─── Supplied records

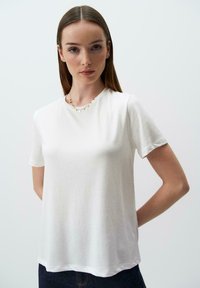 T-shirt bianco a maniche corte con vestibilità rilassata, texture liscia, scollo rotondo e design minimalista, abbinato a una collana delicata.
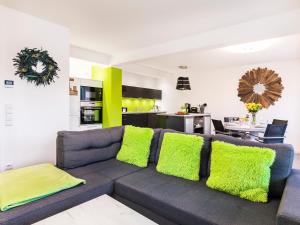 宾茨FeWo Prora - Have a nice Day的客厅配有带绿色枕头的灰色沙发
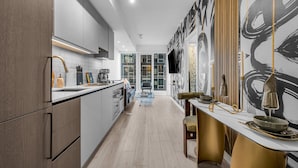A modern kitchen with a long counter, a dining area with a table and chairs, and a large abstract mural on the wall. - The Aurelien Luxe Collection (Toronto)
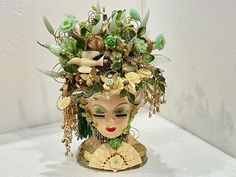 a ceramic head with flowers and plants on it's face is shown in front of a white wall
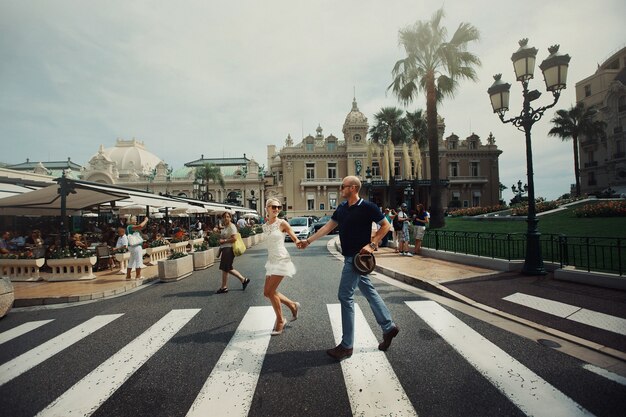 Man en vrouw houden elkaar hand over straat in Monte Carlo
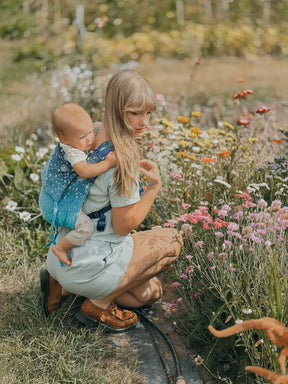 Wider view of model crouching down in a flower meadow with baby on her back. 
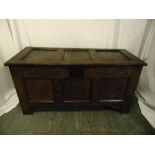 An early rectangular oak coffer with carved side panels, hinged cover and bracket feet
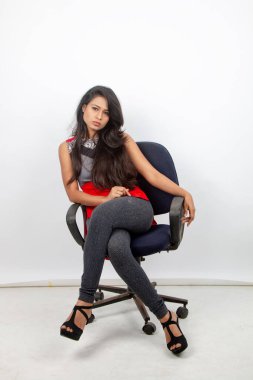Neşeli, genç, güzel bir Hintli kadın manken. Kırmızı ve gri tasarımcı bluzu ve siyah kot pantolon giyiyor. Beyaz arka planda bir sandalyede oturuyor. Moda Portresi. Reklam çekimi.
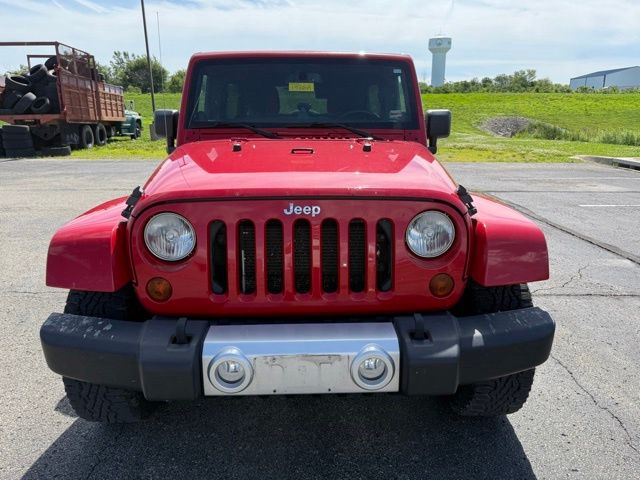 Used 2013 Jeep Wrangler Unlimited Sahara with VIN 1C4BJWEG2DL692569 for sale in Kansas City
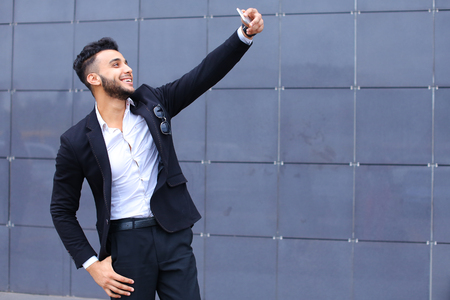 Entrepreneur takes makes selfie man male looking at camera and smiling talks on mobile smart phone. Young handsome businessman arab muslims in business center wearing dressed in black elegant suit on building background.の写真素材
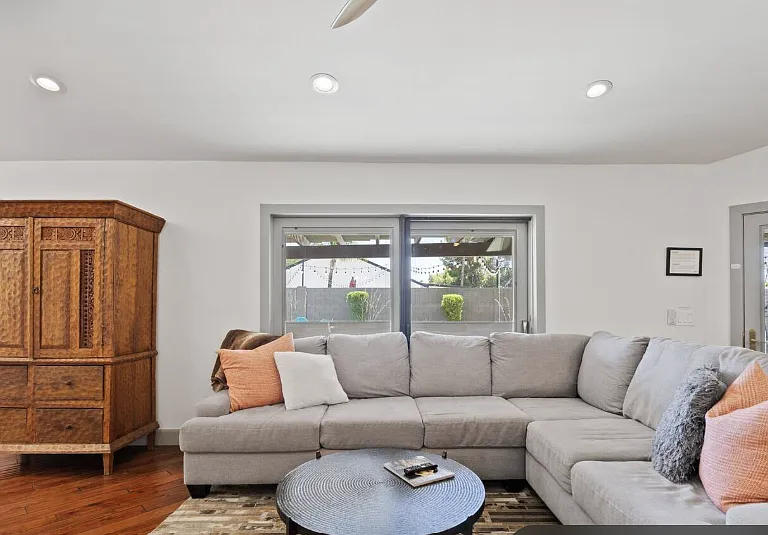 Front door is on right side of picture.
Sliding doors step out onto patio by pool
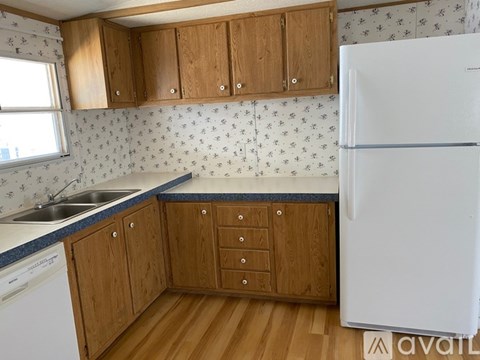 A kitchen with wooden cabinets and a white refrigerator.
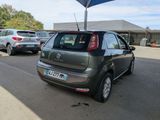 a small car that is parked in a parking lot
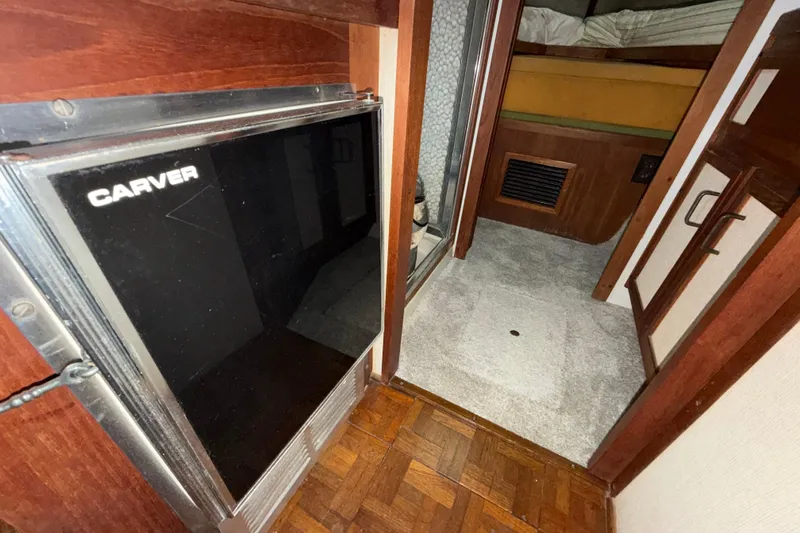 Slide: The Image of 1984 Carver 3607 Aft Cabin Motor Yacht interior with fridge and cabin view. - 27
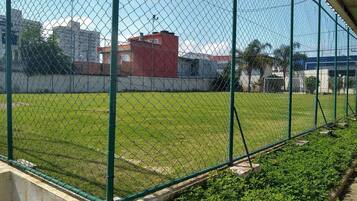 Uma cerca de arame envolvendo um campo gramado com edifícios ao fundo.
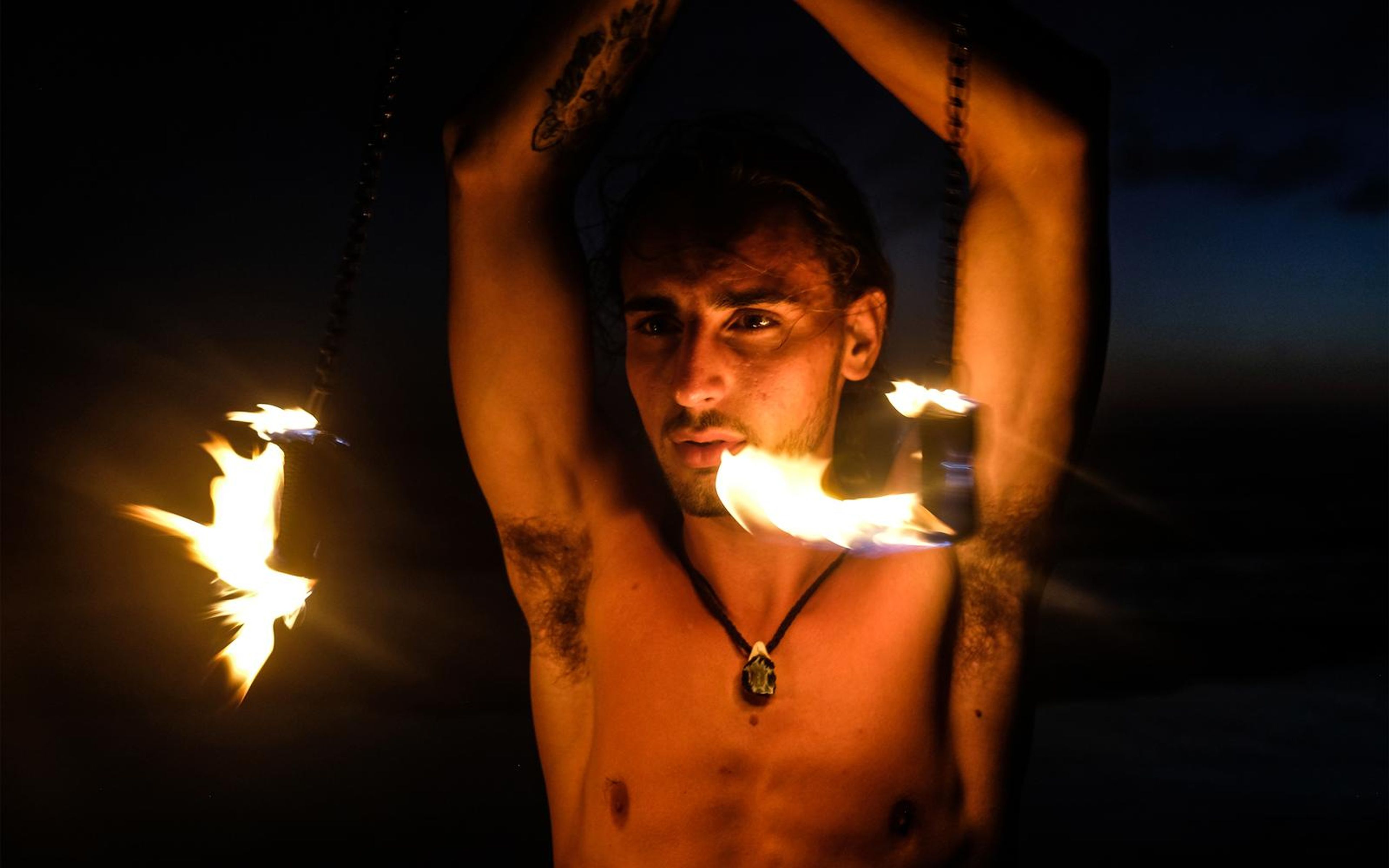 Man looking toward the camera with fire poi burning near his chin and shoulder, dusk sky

──────

» About this exercise: Leaving the pictures aside, write out only the lines from the one containing "Used 2013 Jeep" through the end of the material, exactly as they stand.

» Response to this exercise:
 Used 2013 Jeep Wrangler Unlimited Sahara with VIN 1C4BJWEG2DL692569 for sale in Kansas City
 Entrepreneur takes makes selfie man male looking at camera and smiling talks on mobile smart phone. Young handsome businessman arab muslims in business center wearing dressed in black elegant suit on building background.の写真素材
 Front door is on right side of picture.
Sliding doors step out onto patio by pool
 A kitchen with wooden cabinets and a white refrigerator.
 a small car that is parked in a parking lot
 Slide: The Image of 1984 Carver 3607 Aft Cabin Motor Yacht interior with fridge and cabin view. - 27
 Uma cerca de arame envolvendo um campo gramado com edifícios ao fundo.
 Man looking toward the camera with fire poi burning near his chin and shoulder, dusk sky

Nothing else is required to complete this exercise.